Philadelphia, PA (Sports Network) -
You see the same thing every year with at least one rookie - more media-hype than seems possible for a mere mortal. Last year, that guy was Baltimore Orioles catcher Matt Wieters (ranked eighth in preseason despite not being called up until May 29th) and the leading candidate for "over-hyped rookie" in 2010 is Atlanta outfielder Jason Heyward.
Nothing against either guy, they are going to be very good pros, it's just that when the "media hype-machine" gets going, you'll think Heyward is a cross between Henry Aaron and Babe Ruth.
2010 Minor League Baseball Analyst by Rob Gordon and Jeremy Deloney says about him, "he has as much raw talent as any prospect in baseball."
Here is the MLB.com description, "Heyward has a big, strong and athletic frame and an excellent left-handed swing with plus power potential. An advanced approach at the plate is highlighted by excellent patience. He runs well, especially for his size, and is an excellent baserunner. A strong outfielder with an above-average arm, he can play well in right. His work ethic and attitude are huge advantages."
Apparently he can also "leap tall building in a single bound" and single-handedly lead your team to a fantasy championship.
While it is true that Heyward has hit very well so far, it is also true that it has been against minor league pitching.
In three minor league seasons ranging from the rookie league through the Braves' AAA team in Gwinnett, Heyward has batted a combined .318 with 29 HR and 125 RBI in 238 games. He has a minor league OPS of .899.
However, history is riddled with "superstar" minor leaguers who for some reason never made the transition to become a superstar professional. Sometimes it's because they couldn't catch up to big league pitching and sometimes the distractions of being a major leaguer got in the way of their progress.

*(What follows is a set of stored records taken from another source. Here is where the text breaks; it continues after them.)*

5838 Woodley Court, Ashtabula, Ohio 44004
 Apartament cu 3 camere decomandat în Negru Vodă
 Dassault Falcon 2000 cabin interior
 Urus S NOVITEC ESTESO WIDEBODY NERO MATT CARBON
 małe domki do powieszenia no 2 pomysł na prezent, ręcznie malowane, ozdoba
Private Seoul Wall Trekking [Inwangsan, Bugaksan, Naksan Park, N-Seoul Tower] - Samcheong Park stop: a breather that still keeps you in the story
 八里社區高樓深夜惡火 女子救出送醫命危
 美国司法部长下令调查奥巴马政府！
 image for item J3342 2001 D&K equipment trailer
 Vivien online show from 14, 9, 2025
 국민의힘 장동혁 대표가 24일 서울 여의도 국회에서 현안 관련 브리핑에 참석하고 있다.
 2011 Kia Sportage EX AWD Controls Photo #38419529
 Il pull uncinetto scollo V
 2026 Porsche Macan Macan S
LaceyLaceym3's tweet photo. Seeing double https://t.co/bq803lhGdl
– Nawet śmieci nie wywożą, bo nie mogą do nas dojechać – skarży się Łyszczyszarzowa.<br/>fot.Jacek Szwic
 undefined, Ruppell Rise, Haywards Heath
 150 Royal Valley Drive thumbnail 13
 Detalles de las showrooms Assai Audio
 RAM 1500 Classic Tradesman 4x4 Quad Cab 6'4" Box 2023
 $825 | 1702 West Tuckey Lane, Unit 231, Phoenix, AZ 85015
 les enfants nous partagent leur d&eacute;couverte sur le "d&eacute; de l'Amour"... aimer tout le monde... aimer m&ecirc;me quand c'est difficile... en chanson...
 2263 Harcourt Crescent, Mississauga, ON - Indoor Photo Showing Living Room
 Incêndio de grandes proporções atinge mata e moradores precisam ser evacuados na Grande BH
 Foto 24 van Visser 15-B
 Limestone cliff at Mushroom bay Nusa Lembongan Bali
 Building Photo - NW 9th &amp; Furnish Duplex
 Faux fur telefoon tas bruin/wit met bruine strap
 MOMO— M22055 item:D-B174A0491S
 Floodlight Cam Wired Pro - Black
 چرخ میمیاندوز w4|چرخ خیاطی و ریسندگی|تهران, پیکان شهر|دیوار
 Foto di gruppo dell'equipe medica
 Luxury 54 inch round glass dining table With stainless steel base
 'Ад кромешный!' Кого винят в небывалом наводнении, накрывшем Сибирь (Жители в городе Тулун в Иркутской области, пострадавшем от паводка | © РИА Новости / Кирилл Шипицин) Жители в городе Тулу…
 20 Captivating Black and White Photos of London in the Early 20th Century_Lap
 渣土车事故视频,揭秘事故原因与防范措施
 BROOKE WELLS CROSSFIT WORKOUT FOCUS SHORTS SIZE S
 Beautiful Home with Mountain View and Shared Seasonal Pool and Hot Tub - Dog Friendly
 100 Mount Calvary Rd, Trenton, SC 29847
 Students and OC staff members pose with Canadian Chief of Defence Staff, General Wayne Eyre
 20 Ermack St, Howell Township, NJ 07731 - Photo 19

Perhaps you remember a left-handed hitting first baseman by the name of Roberto Petagine. He was a three-time All-Star (1996-1998) in AAA and he won the International League's MVP Award in back-to-back years. Although he played with six MLB clubs and two Japanese teams, he never made it to the level expected.
Or how about Yankees minor league star, Hensley "Bam Bam" Meulens?
Signed in 1985, Meulens made a big splash by hitting .300 with 28 HR and 103 RBI for Prince William. By 1990 he was at AAA Columbus and hit .285 with 26 HR and 96 RBI and was the International League MVP. With the Yankees, however, he could never live up to the hype. His career batting average was .220 with a total of 15 HRs in seven seasons.
In 2003, Chicago White Sox prospect Joe Borchard was ranked No.4 in all of minor league baseball. His six-year career amounted to a .205 batting average with 26 HR and 77 RBI.
Last year, along with Wieters, Florida outfielder Cameron Maybin got some early fantasy attention, but couldn't hold onto his starting job and lost all value.
Only time will tell with Heyward.
It looks like unless he completely collapses over the final three weeks of spring training, Heyward will start the season with the "big club." He's looked solid so far, going 6-for-14 (.429) with a homer, four RBIs and six walks.
In my most recent draft Heyward was selected in the 16th round. Obviously, in keeper leagues he'll be picked much higher, around the same time as Washington Nationals pitcher Stephen Strasburg.
Just remember, Heyward won't even be 21-years-old until August and potential is just a future promise, not a guarantee.